Fuat Avni olduğu ileri sürülen Emre Uslu’nun CHP’li Umut Oran ile ilişkileri iddiaları,

Yeni artı 18’lik kasetler, İş Bankası üzerinden CHP’ye usulsüz para aktarıldığı iddiaları, Ve dün itibarıyla, Pensilvanya’dan Sümeyye Erdoğan’a suikast emri verildiği ve bu planın Emre Uslu tarafından CHP’li Umut Oran’a iletildiği iddiaları. 

Amacım CHP’yi savunmak falan değil. Kimin ne suçu varsa  belgelendirilsin ve hâlâ bağımsız bir yargı varsa suçlular hak ettikleri cezaya çarptırılsın. Fakat, benim son havuz operasyonlarında yine dikkatimi çeken husus; her zaman olduğu gibi aklımızla ve zekâmızla alay edilmesi. İlkel kurgu yöntemleri ile hepimizi salak yerine koymaları. Son örnekte olduğu gibi; Recep Erdoğan’ın kızı Sümeyye Erdoğan’a suikast planı yapılacak, Uslu ile Oran da bunu tivitıra dökecek. Hem de gölgelerinin bile takip edildiğini bildikleri halde. Hani!.. Neredeyse Hakan Fidan bu önceden planlanan ve hazırlanan kurgular karşısında o da  “pes yahu bu kadar da olmaz” diyerek istifa etti diyeceğim!..

Bu arada kafama takılan bir soru daha var, CHP’nin komplo olarak nitelendirdiği bu iddiaları, MİT’de hangi daireler tarafından ve 4 kişi tarafından hazırlandığını ilan etmesi, fakat bu isimleri bir türlü açıklayamaması?..

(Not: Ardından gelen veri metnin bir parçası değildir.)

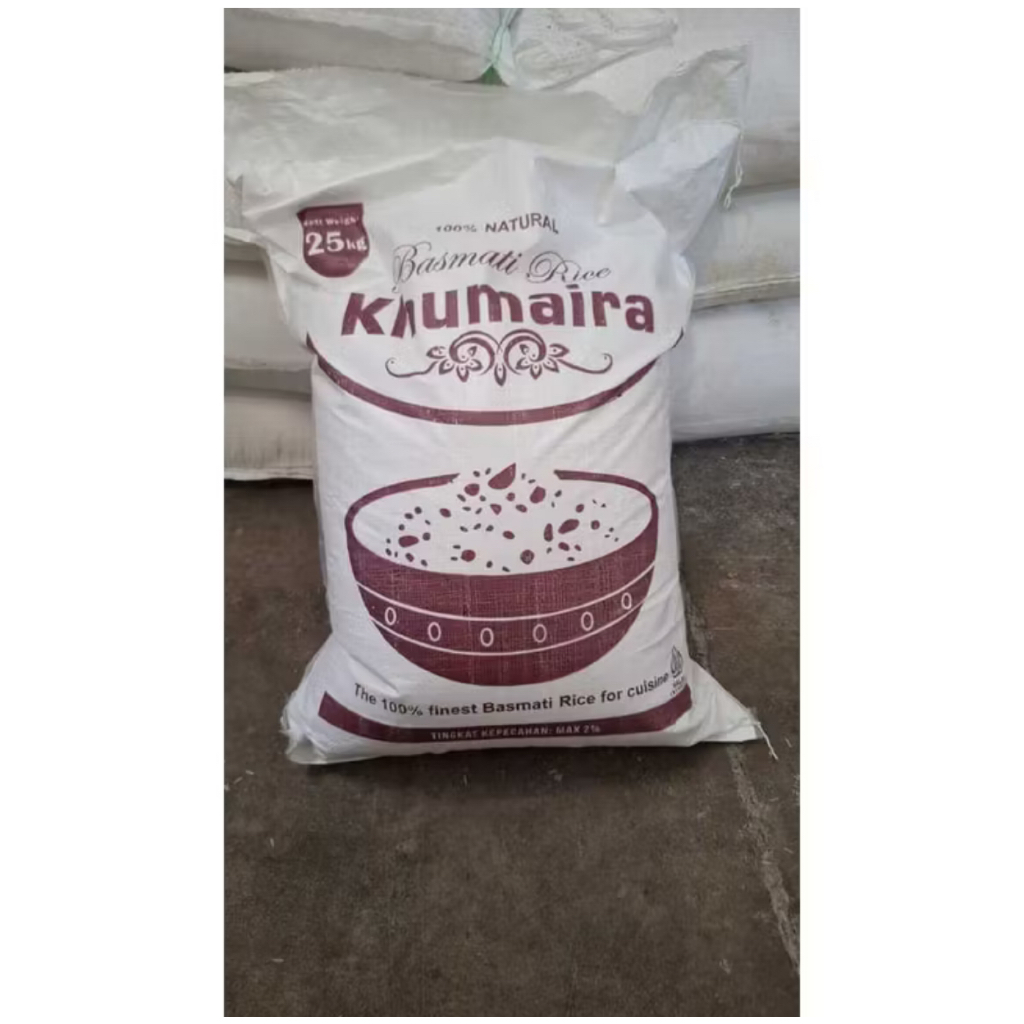 

Basmati Khumaira 25kg Beras Basmati 10kg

Bunlara kafa yorarken, 10 Ağustos Cumhurbaşkanı seçimi öncesinde Erdoğan’a yakın bir kaynaktan duyduklarım aklıma geldi. Erdoğan’ın yakın kurmayı o günlerde bana;  “Aslında Emine Hanım, Tayyip Bey’in Köşk’e çıkmasını hiç istemedi. Çok şiddetli itiraz etti, (yolsuzluk operasyonlarını kast ederek) ‘sen kendini kurtarıyorsun çoluk çocuğumuz ne olacak’ dedi. Anma reis dinlemedi Emine Hanım’ı” demişti.

Ortaya dökülenlere baktığımda işin sadece CHP’ye yönelik yıpratma kampanyası olmadığını düşünüyorum. Heybelerinde MHP ile alakalı tezgâhlar olduğunu kulislerden işitiyorum. Fakat, CHP’nin çok önemli yolsuzluk dosyaları üzerinde çalıştığını, kendilerine gelen belge ve görüntüler arasından özel hayata ilişkin olanları titizlikle, çalışmalardan çıkardıklarını, son havuz operasyonlarından önce işitiyordum.

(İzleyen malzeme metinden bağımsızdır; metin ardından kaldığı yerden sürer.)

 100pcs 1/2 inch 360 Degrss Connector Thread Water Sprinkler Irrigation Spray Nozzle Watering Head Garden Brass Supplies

Medya kumpaslarının bir yönünün Sümeyye Erdoğan’ı mağdur gösterme operasyonu olduğu çok açık ve net. Sümeyye Hanım’ın AKP’den mebus adayı olacağı ve AKP içinde buna önemli itirazların geldiği de başkent kulislerinde biliniyor. Demek ki; Sümeyye Hanım’ın da dokunulmazlığa çok ihtiyacı var. Demek ki; 7 Haziran seçiminde Recep Erdoğan, sadece  kendisi için başkanlık sistemini değil aile mağduriyetini de oylatacak. Ayrıca, en yakınındakine bile yüzde 100 güvenmeyen Recep

Erdoğan’ın kabinede ne olup bittiğini çok sağlıklı bir şekilde öğrenebilmesi(!) için, kızı Sümeyye Erdoğan’dan başka alternatifi yok!..
Geçmiş yazımda kalan bir sözüm vardı size. Siyasette ittifak arayışlarına değinecektim. Tam yerine geldi oraya geçelim;

Bilinen gerçek. Türk siyasetinde sağın alternatifi sağdır.

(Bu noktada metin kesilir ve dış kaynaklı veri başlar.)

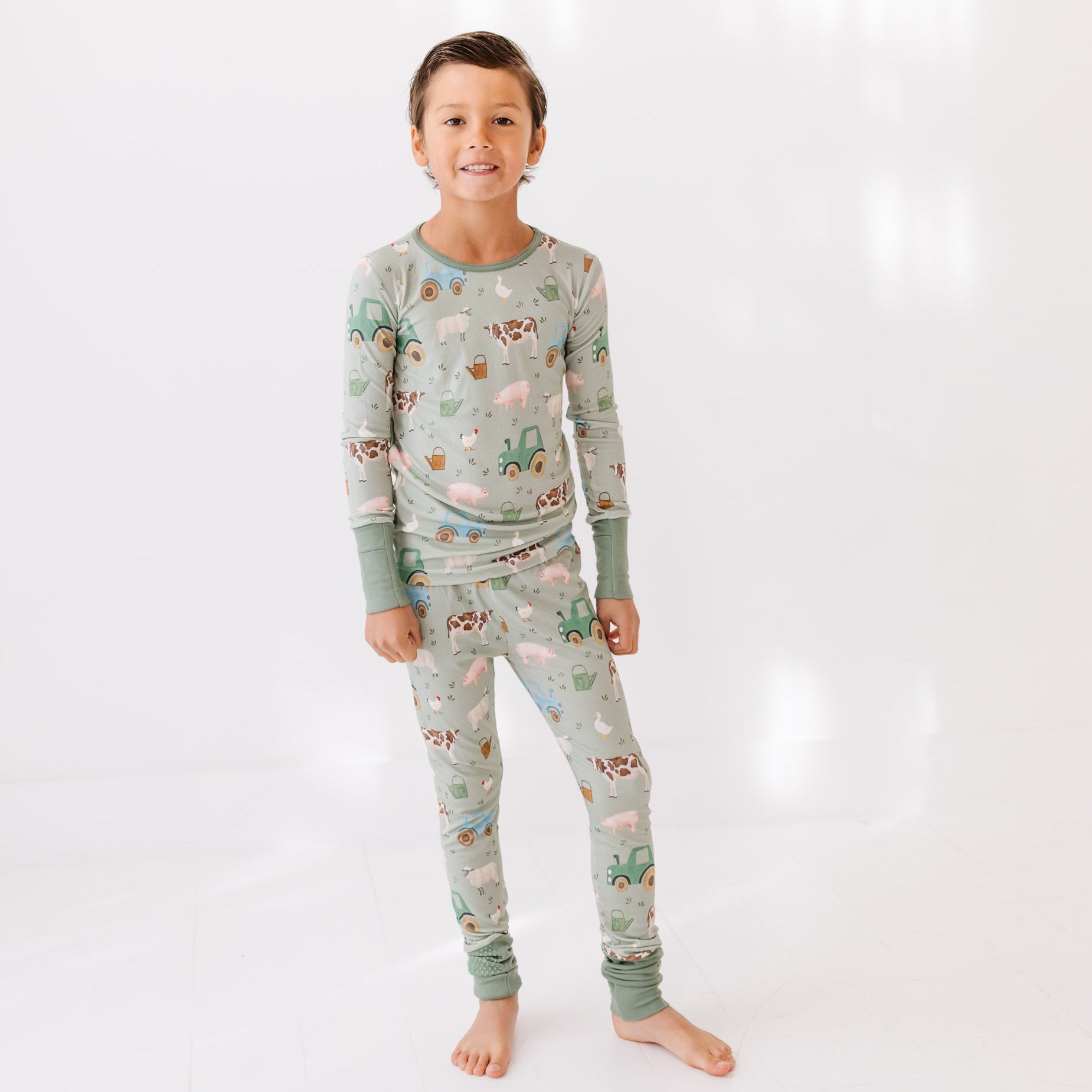 Hay There All Wrapped Up Kid's Two Piece Jammie Set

AKP’nin önümüzdeki günlerde aday adayları hakkında ilçe ve illerde temayül yoklamaları var. Aynı zamanda partide önemli bir çalışma daha yapılıyor. AKP, metropollerde Kürt nüfus araştırması yapıyor. HDP’ye çıkan oylar, Kürt nüfusla kıyaslanıyor. Buralara bölgeden hangi etkin isimleri milletvekili adayı koyarız diye planlamalar yapılıyor. CHP kumpaslarla meşgul edilirken ,MHP mafya babalarının tezgâhları ile tehdit ediliyor, BBP’nin Alperen Ocakları karıştırılıyor. Tabanda kafa karışıklığı yaratılıyor. Saadet Partisi de Fatih Erbakan bağımsız aday olacak diye Erbakan ailesi üzerinden zora sokuluyor.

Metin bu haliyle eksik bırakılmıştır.